TASK DETAILS =
Your reply is to be the lines below, exactly as written, with images omitted.

DATASET EXCERPT =
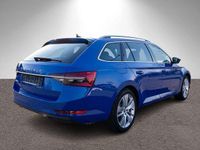 Gebraucht Skoda Superb Style 190 PS (139 kW) 2022 Energyblau Kombi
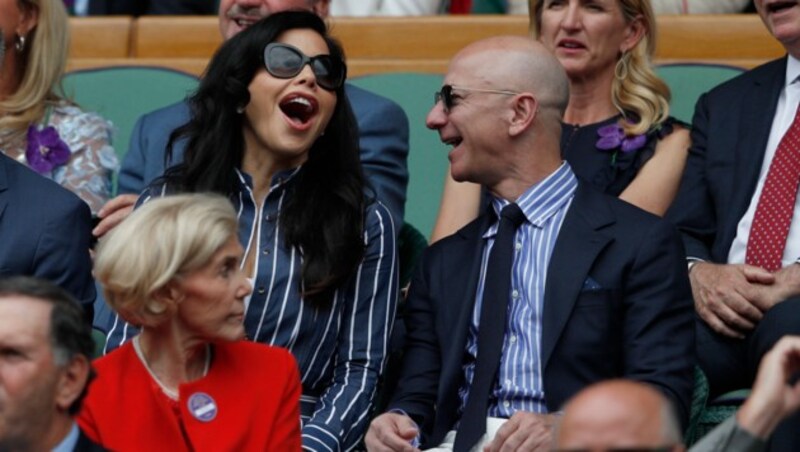 Jeff Bezos und Freundin Lauren Sanchez beim Wimbledon-Finale der Herren (Bild: AFP )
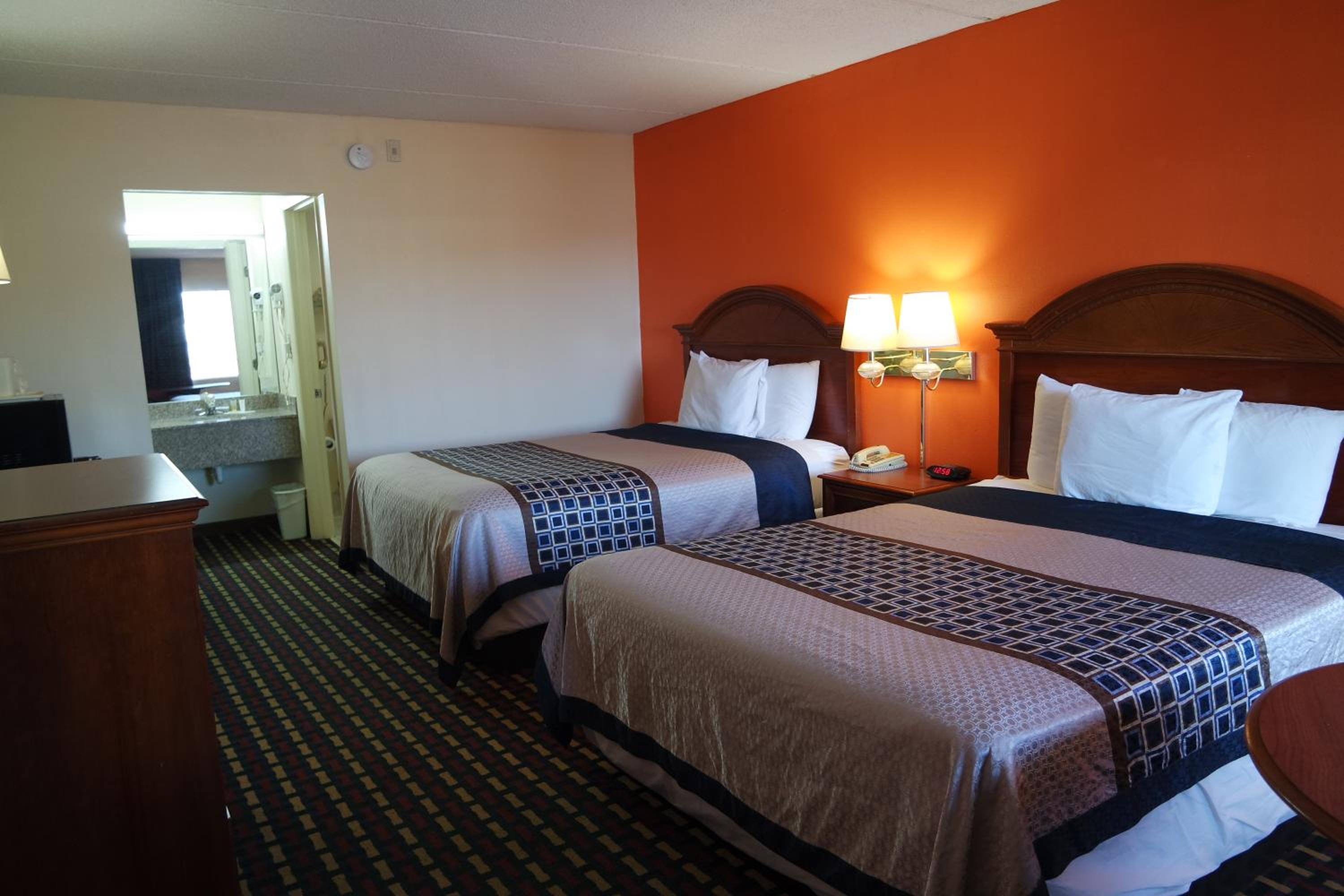 Double Room with Two Double Beds - Smoking - Photo 7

TASK SOLUTION =
 Gebraucht Skoda Superb Style 190 PS (139 kW) 2022 Energyblau Kombi
 Jeff Bezos und Freundin Lauren Sanchez beim Wimbledon-Finale der Herren (Bild: AFP )
 Double Room with Two Double Beds - Smoking - Photo 7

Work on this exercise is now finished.